→ **Dataset items**
######

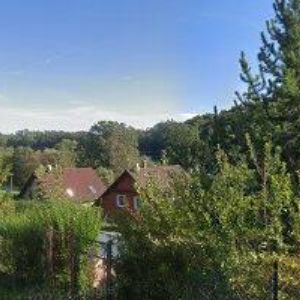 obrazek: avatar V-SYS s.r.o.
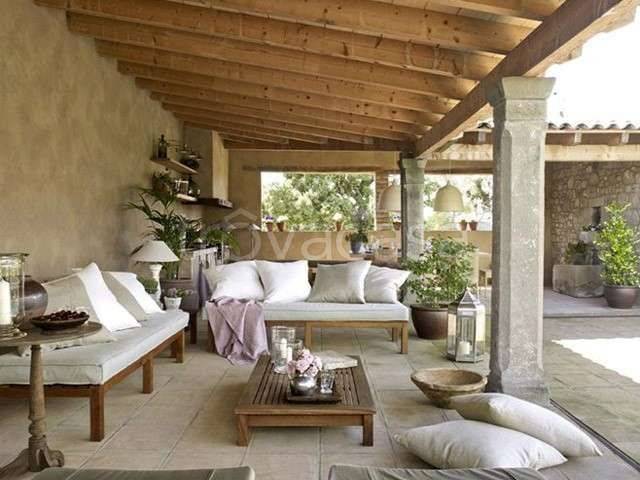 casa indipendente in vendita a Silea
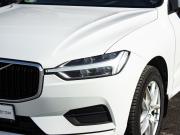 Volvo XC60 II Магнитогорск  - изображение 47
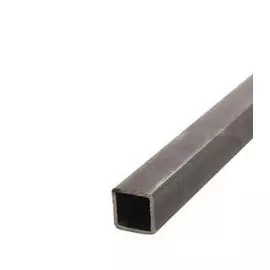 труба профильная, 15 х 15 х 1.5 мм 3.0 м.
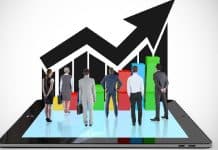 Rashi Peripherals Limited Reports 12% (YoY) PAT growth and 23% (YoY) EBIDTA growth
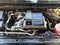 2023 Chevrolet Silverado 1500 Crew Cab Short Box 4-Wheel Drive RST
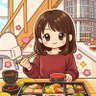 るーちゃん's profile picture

######

→ **What is being asked**
For each entry, repeat its text exactly and leave out any picture it holds.

→ **Written answer**
 obrazek: avatar V-SYS s.r.o.
 casa indipendente in vendita a Silea
 Volvo XC60 II Магнитогорск  - изображение 47
 труба профильная, 15 х 15 х 1.5 мм 3.0 м.
 Rashi Peripherals Limited Reports 12% (YoY) PAT growth and 23% (YoY) EBIDTA growth
 2023 Chevrolet Silverado 1500 Crew Cab Short Box 4-Wheel Drive RST
 るーちゃん's profile picture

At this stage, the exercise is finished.